# EXERCISE DIRECTIONS
Transcribe only the lines from the one containing "1961 Press Photo" through the final line of the entries below, exactly, and exclude the pictures.

(Crawled caption data)
»»

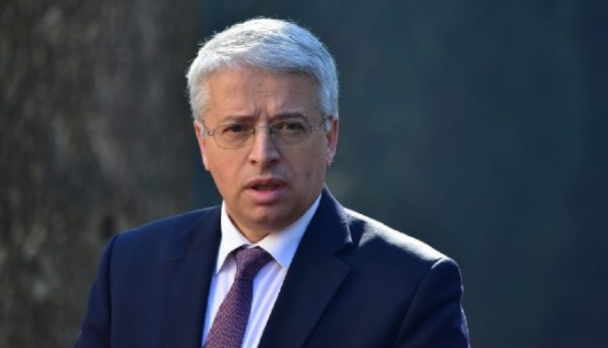 KORONAVIRUSI/ Lleshaj flet qartë: Kush është rezident nuk do lejohet të vijë në Shqipëri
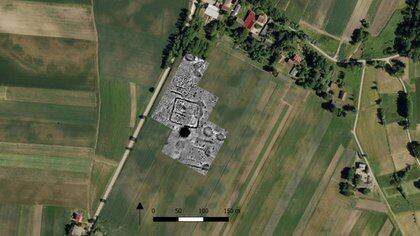Las marcas de corte en un campo que aparecieron en imágenes de satélite resultaron ser una estructura subterránea de cuatro lados. (Crédito de la imagen: Marcin Przybyła y Michał Podsiadło)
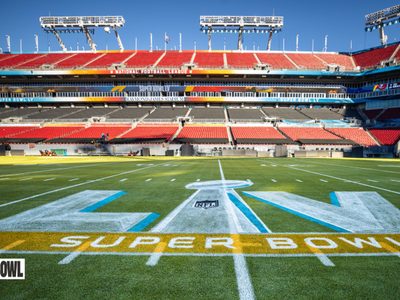Fauci pide a estadunidenses evitar que la celebración del Super Bowl expanda el virus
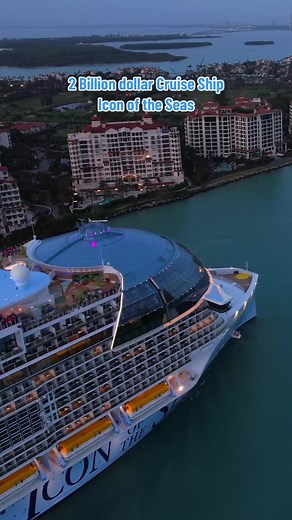 2 Billion Dollar Cruise Ship - Icon of the Seas 🚢 #iconoftheseas #ultimateworldcruise #royalcaribbean #worldslargestcruiseship #miami #viral #fyp #droneshot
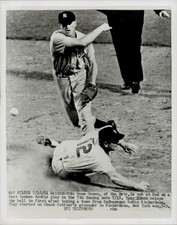 1961 Press Photo Play at Second Tony Kubek, Yankees , Gene Green, Nationals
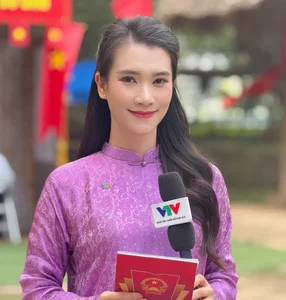 VTV News Anchor Gaffe Goes Viral: Behind the Scenes of Her Glamorous Life and Hidden Husband - image 2
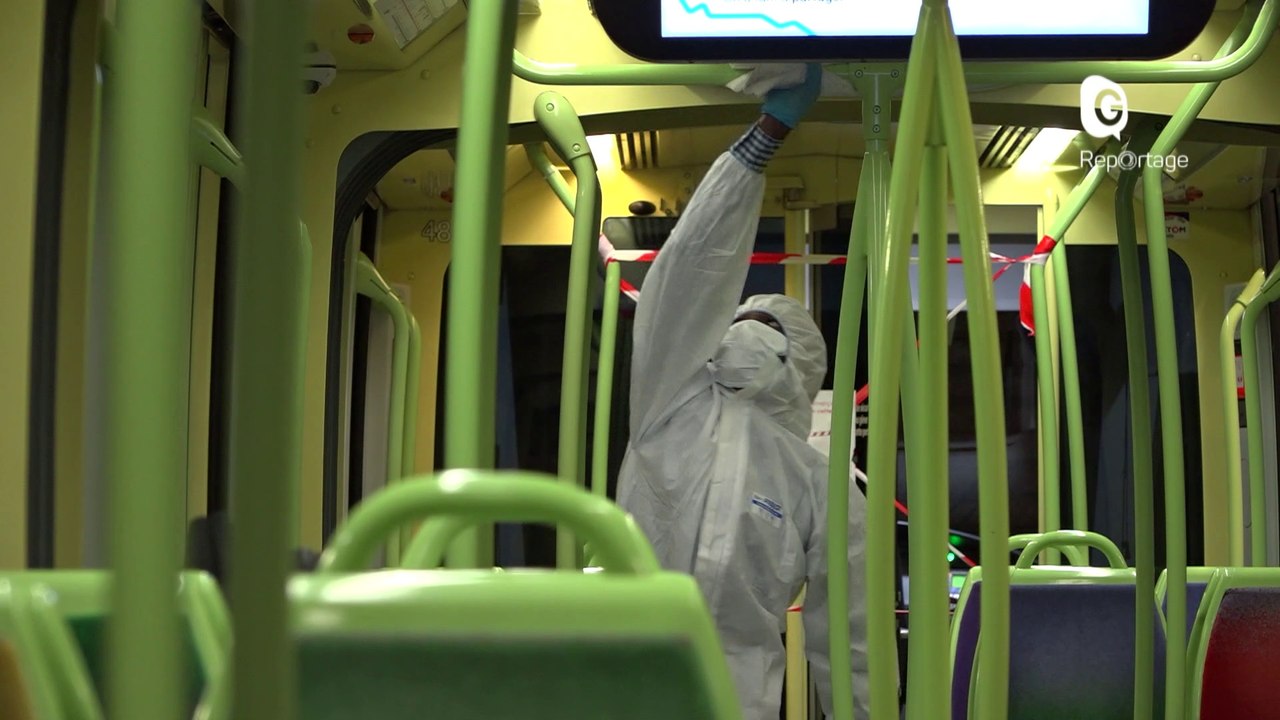 Reportage - La désinfection des transports en commun face au virus
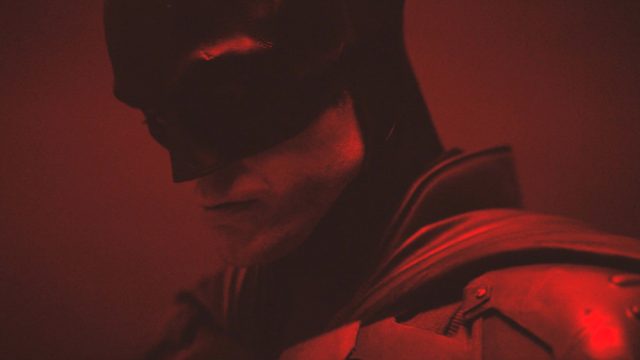 Se revelan primeras imágenes de Robert Pattinson como “Batman”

««

# TASK ANSWER
 1961 Press Photo Play at Second Tony Kubek, Yankees , Gene Green, Nationals
 VTV News Anchor Gaffe Goes Viral: Behind the Scenes of Her Glamorous Life and Hidden Husband - image 2
 Reportage - La désinfection des transports en commun face au virus
 Se revelan primeras imágenes de Robert Pattinson como “Batman”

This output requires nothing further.